As we’ve mentioned in other articles, plastics permeate every facet of our lives. They’re in our cars, on our kitchen counters, and in our bathrooms. Nowhere have they been adopted so fast as Aerospace, however.
Starting with World War II, plastics have played a role in aviation, replacing critical rubber components in planes after the Japanese took over major suppliers in the Philippines. Later, higher grade plastics began replacing important electrical insulators in planes then began to see use in mechanical applications, replacing gears, pulleys and fasteners. The benefit to using plastic components over aluminum is weight. For every pound of weight shaved off a plane, approximately $1,000 of fuel is saved over the plane’s lifetime. A lighter plane is simply more fuel efficient.
Today, plastic composites make up the majority of airplanes with the Boeing 787 Dreamliner being the first plane with carbon-fiber plastic composites making up the wings and fuselage, which means it is the lightest plane of its size and most fuel efficient. The U.S. Air Force has also implemented plastic composites to make stealth aircraft, using the plastics to absorb radar waves instead of reflecting them, reducing their radar signature.
Aside from the adoption of composites to replace the body and fuselage of modern aircraft, plastics have also replaced most metal components in aviation. These include the air-return grills, the instrument panels, bearings and bushings, fasteners, the gears and gear spaces, and wire wrap insulation as well as much more. Essentially anything small and metal has been replaced with plastics and as industrial plastics become more robust, larger parts are being replaced with plastics or plastic composites.
Then came the birth of the space program in the 1960’s and American’s were presented with the seemingly impossible task of putting men on the moon; a feat that would require countless technological innovations and industrial ingenuity.
Spaceflight’s first problem would be weight. Not only did the spacecraft itself need to break Earth’s gravity, but also carry the immense amount of fuel required to do so, the spacecraft’s crew, and all the fixings in order to keep them alive in space. NASA also needed a material that would protect the crew from the extreme temperatures of space and re-entry. Kevlar and nylon became the plastics of choice. Used to protect the crew aboard the craft from the extreme temperatures of space and re-entry, layers of nylon and other insulators where wrapped under the body of the space crafts. Kevlar and nylon are still used today on modern craft and keep the long-lasting Hubble telescope among many other satellites in working order.

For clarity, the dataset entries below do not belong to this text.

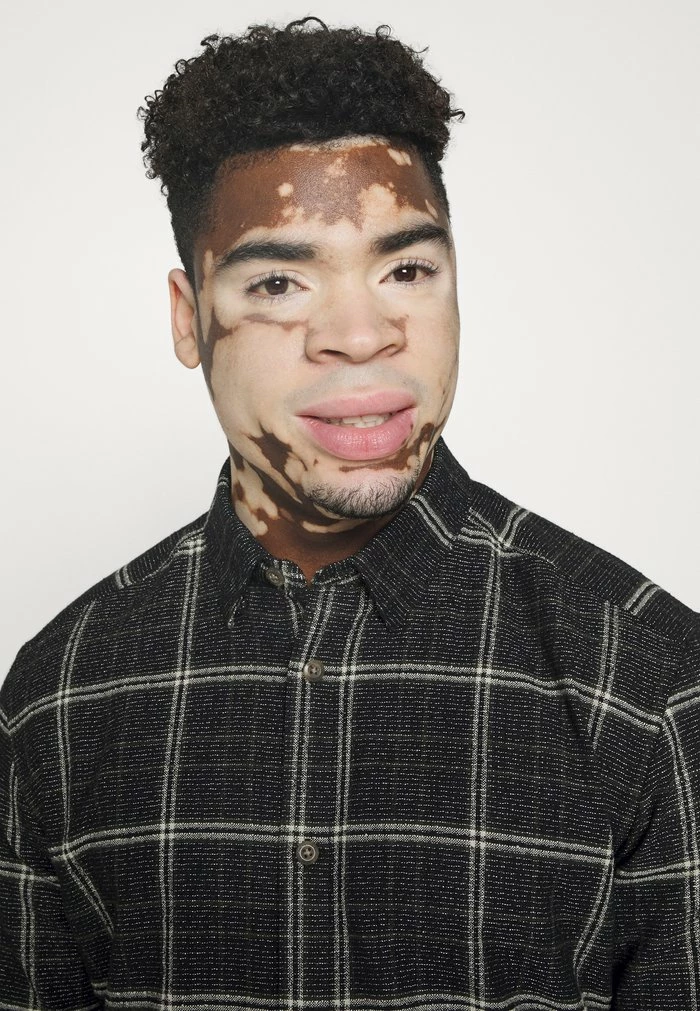 Only & Sons ONSMAZI LIFE CHECKED - Shirt - Black 6 Only & Sons ONSMAZI LIFE CHECKED - Shirt - Black - Image 4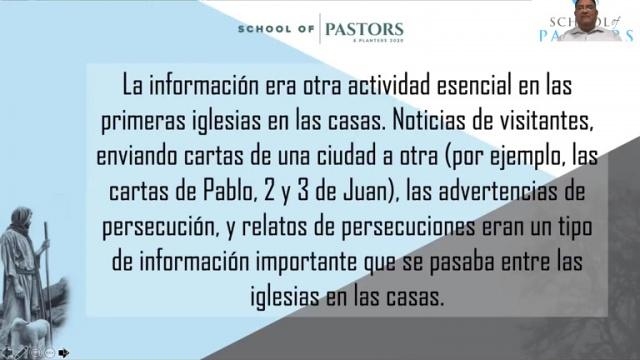 16  2000 Años de Historia de Grupos Pequeños Parte 1 - Pastor Israel Carlos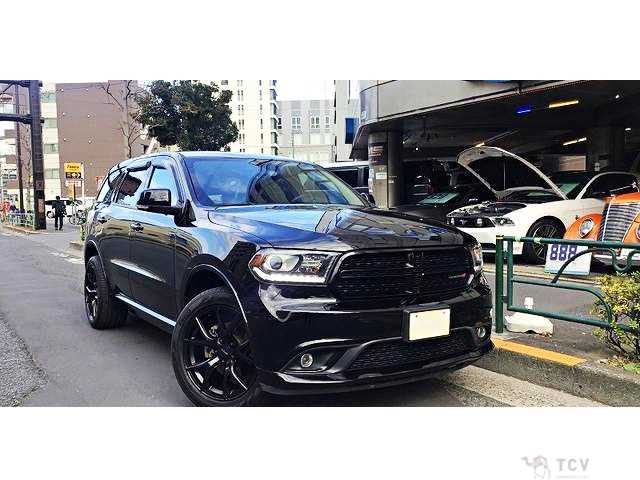 2018 Dodge Durango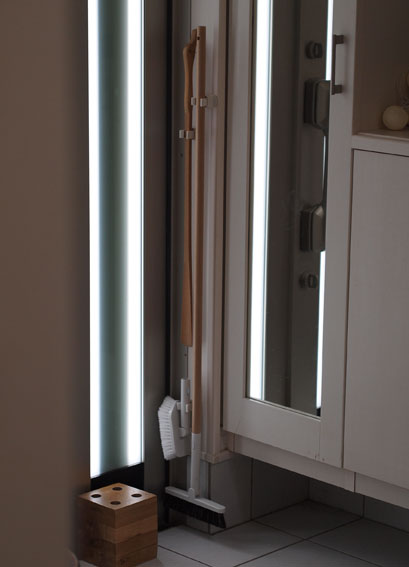 掃除したくなる玄関掃除道具とその収納 Aula Powered By ライブドアブログ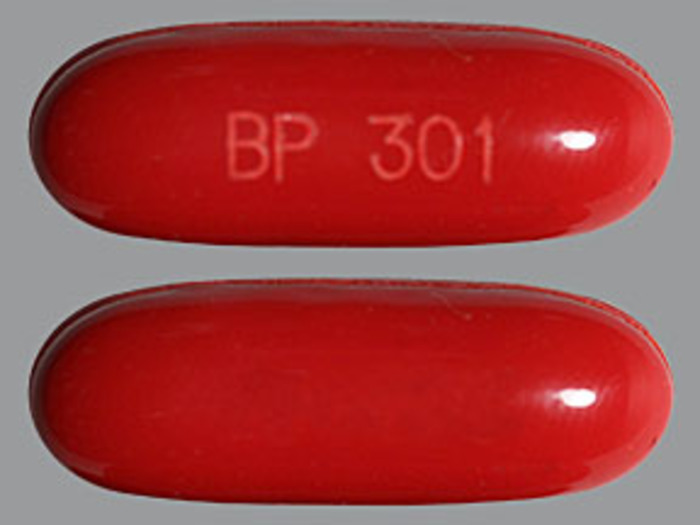 Rx Item-Bp Vit 3 500 0.5 1 Cap 60 by Acella Pharma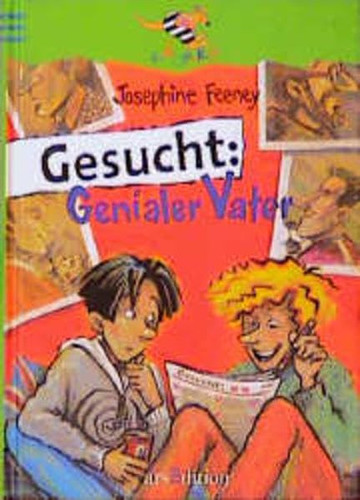 Gesucht: genialer Vater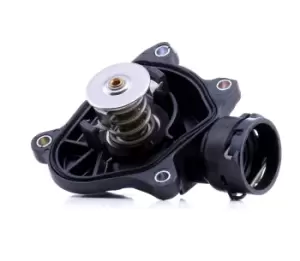 Image of FACET Engine thermostat 7.8636 Thermostat, coolant,Thermostat BMW,3 Touring (E91),3 Limousine (E46),3 Limousine (E90),5 Limousine (E60)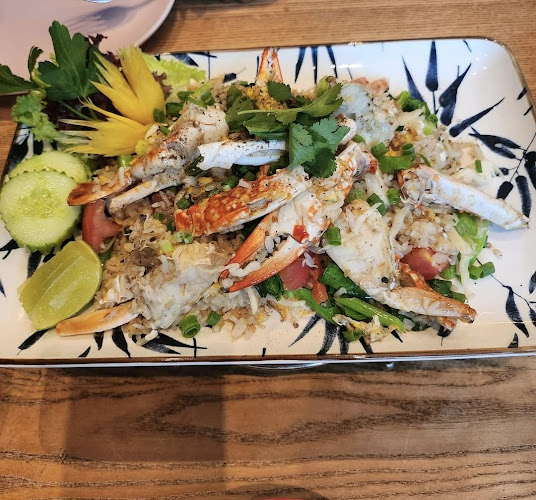 Chanthaburi - Gastronomie und Hotellerie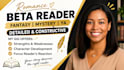beta read romance beta reader fantasy ya novel beta reader thriller beta reader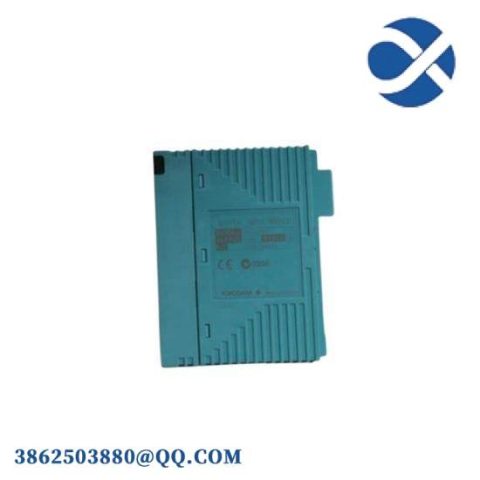 Yokogawa NFDV161-P01 Control System Module - Advanced Digital Input Solution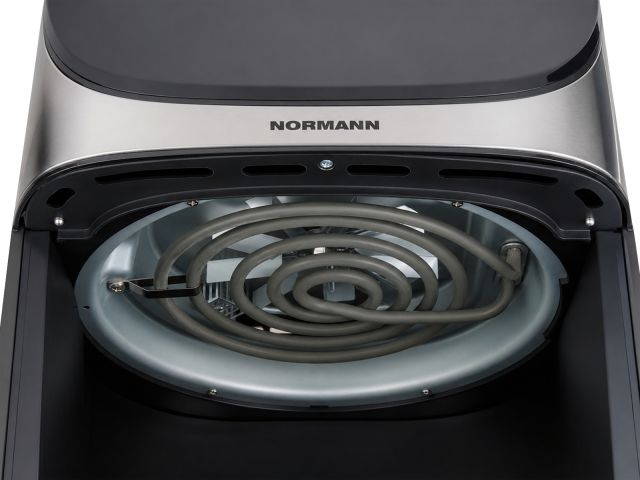 Image 9 Air fryer NORMANN AAF-718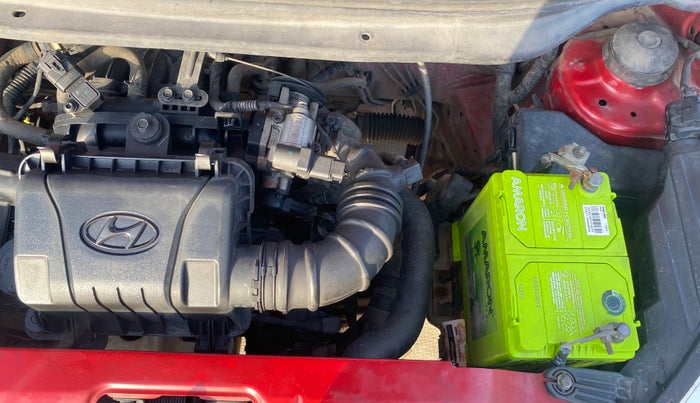 2014 Hyundai Eon ERA +, Petrol, Manual, 1,10,558 km, Engine View - Left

Kevlar is used in space suits to maintain a strong, yet malleable layer of protection from the extremes of space, including whatever small debris an astronaut may encounter. Inside the suit plastic piping disperses cooling liquid around the astronaut’s body and composite plastics are used to make the helmet and visor for the space suit. The inner workings for the suits respiratory system are also largely plastic and the designs for which were adopted by fire fighters to make the revolutionary light respirators still in use today, with only a few modifications.
High-grade plastics have many inherent qualities that make them suitable for space exploration, such as their high resistance to thermal change, inherent fire resistance, high tensile strength and some even have radiation resistant qualities.
While plastics have not been as extensively used in space travel as they have been in airplanes, they are being strongly considered for the future as high grade plastics like Polyetheretherkytone (PEEK) demonstrate their ability to function in the hostile environments of space travel. The industry has been slow to adopt plastic composites over traditional materials because of the high risk nature of space flight and especially re-entry. While plastics have proven more than adequate for in-atmosphere flight, aerospace engineers are cautious in replacing everything with plastic. Currently, however, space programs both public and private are looking to plastics for light weight radiation shielding for long term space travel, like on the International Space Station or for interplanetary flight to places like Mars. Peek fasteners particularly are widely specified. Read more about PEEK Fasteners here.
For aerospace, the future of plastics is bright. As better plastics are engineered and their ability to be cost effective and lightweight are demonstrated without sacrificing strength and durability, more and more of the planes we fly and space-bound vehicles we build will be made of plastic.